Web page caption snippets
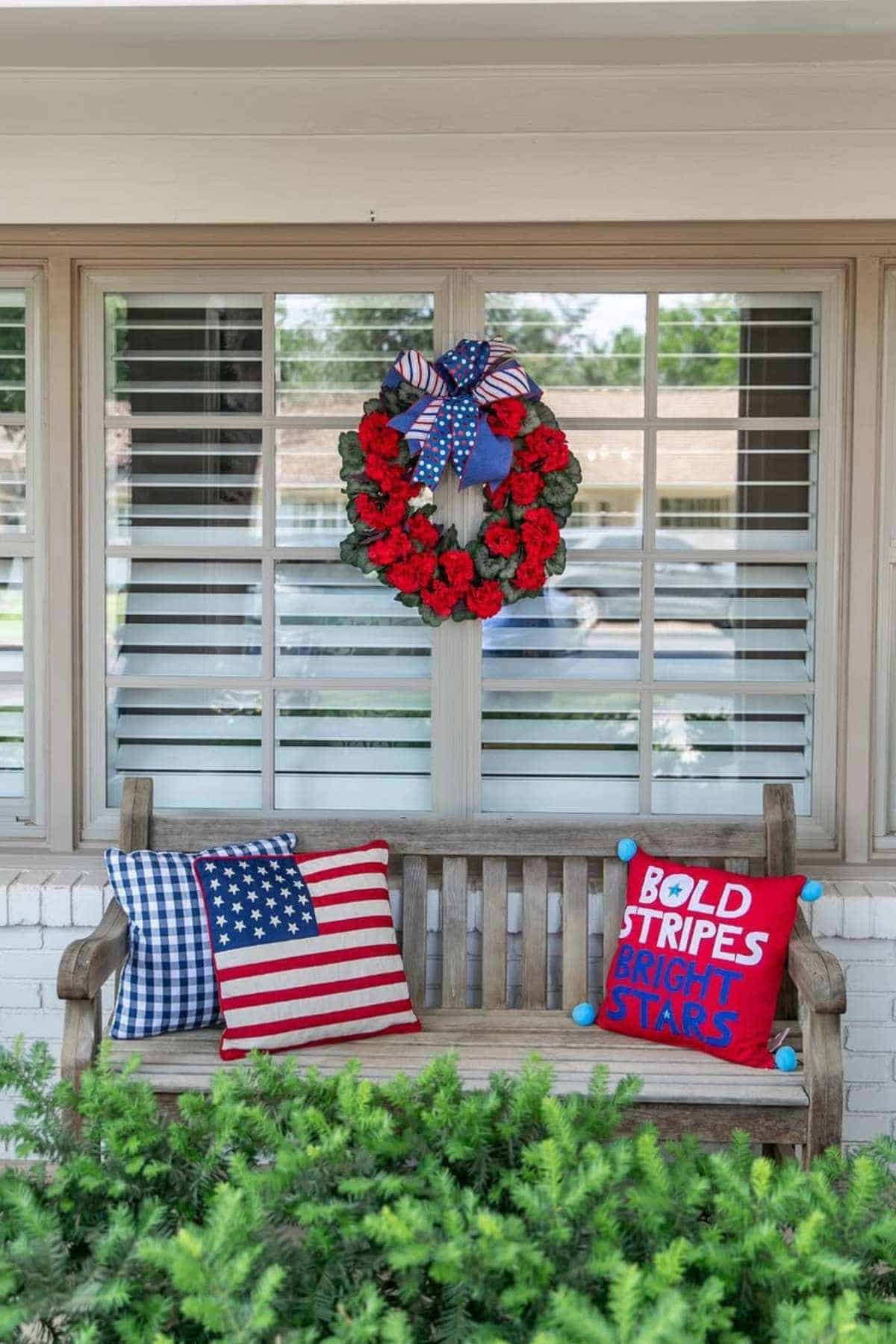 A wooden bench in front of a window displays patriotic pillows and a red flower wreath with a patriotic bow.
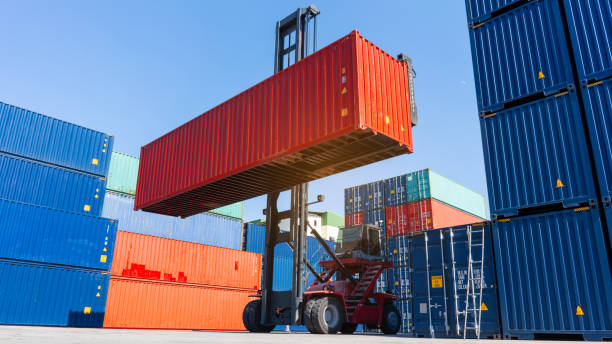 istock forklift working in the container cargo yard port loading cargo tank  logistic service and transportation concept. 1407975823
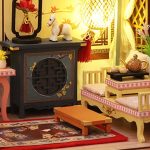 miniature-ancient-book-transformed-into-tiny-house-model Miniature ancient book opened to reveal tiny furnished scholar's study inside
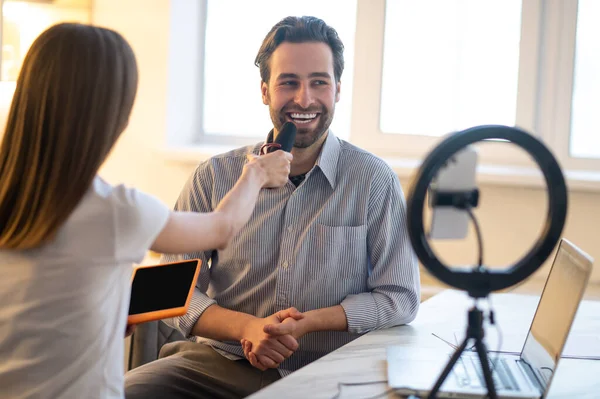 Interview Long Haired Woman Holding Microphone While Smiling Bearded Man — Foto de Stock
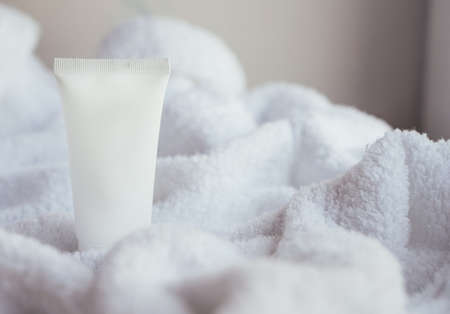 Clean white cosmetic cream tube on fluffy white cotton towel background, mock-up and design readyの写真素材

• [Requirement] Could you retype all the entries exactly, skipping the pictures?

• [Reply]
 A wooden bench in front of a window displays patriotic pillows and a red flower wreath with a patriotic bow.
 istock forklift working in the container cargo yard port loading cargo tank  logistic service and transportation concept. 1407975823
 miniature-ancient-book-transformed-into-tiny-house-model Miniature ancient book opened to reveal tiny furnished scholar's study inside
 Interview Long Haired Woman Holding Microphone While Smiling Bearded Man — Foto de Stock
 Clean white cosmetic cream tube on fluffy white cotton towel background, mock-up and design readyの写真素材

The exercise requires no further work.